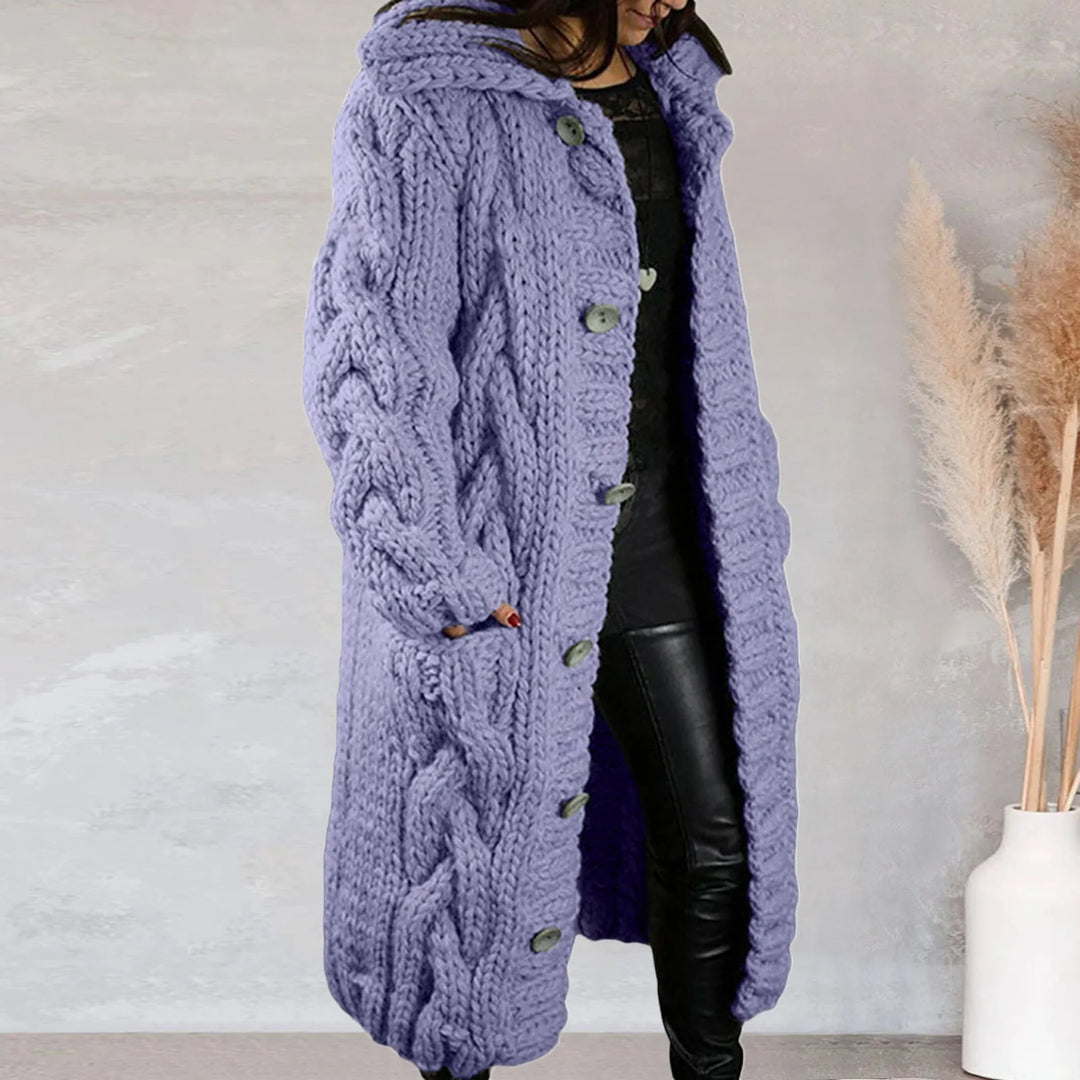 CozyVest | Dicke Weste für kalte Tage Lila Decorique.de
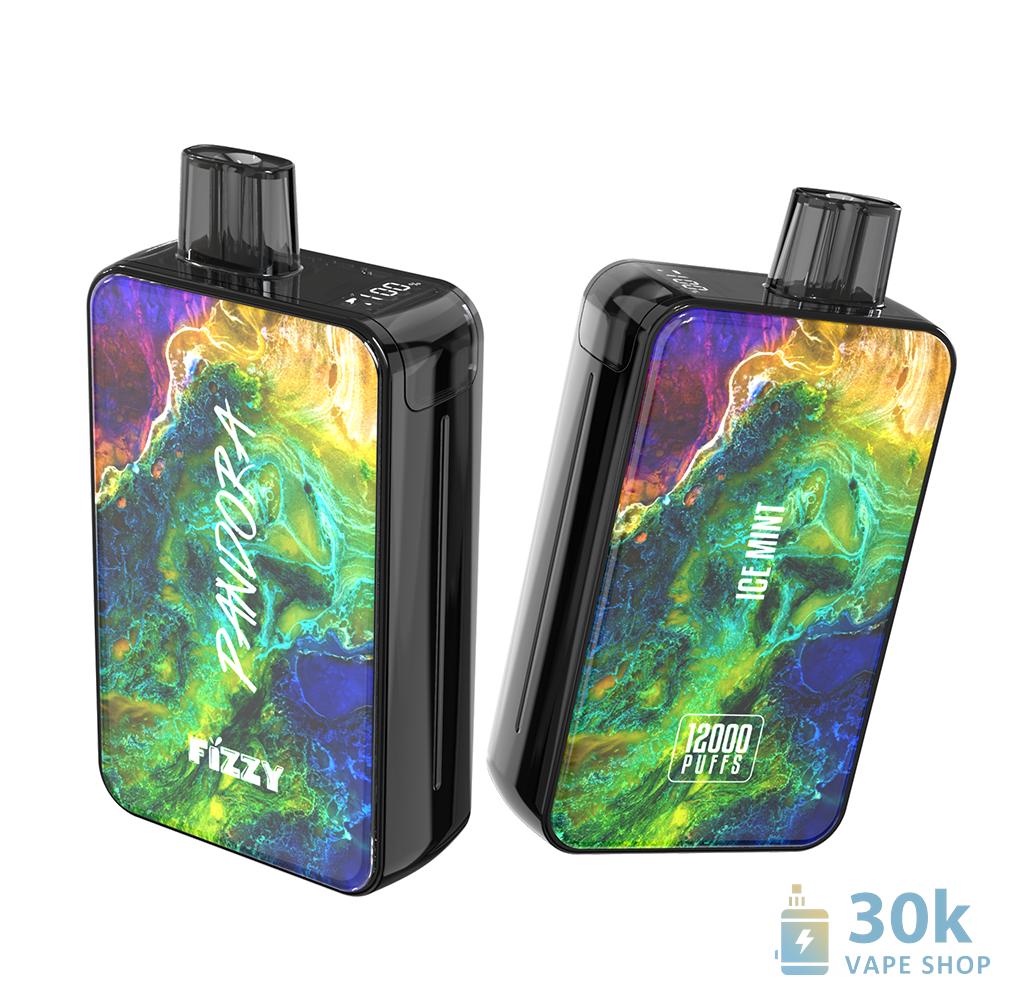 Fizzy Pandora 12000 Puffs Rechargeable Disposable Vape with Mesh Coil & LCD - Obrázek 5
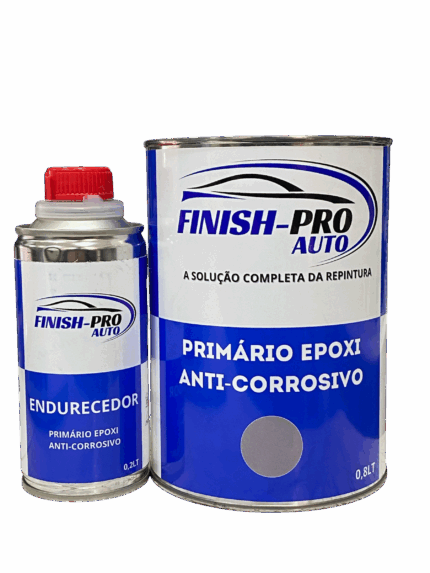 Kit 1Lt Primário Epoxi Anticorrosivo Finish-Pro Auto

════════════════

* Task item
Return the listing above unchanged, apart from dropping its pictures.

* Answer box
 CozyVest | Dicke Weste für kalte Tage Lila Decorique.de
 Fizzy Pandora 12000 Puffs Rechargeable Disposable Vape with Mesh Coil & LCD - Obrázek 5
 Kit 1Lt Primário Epoxi Anticorrosivo Finish-Pro Auto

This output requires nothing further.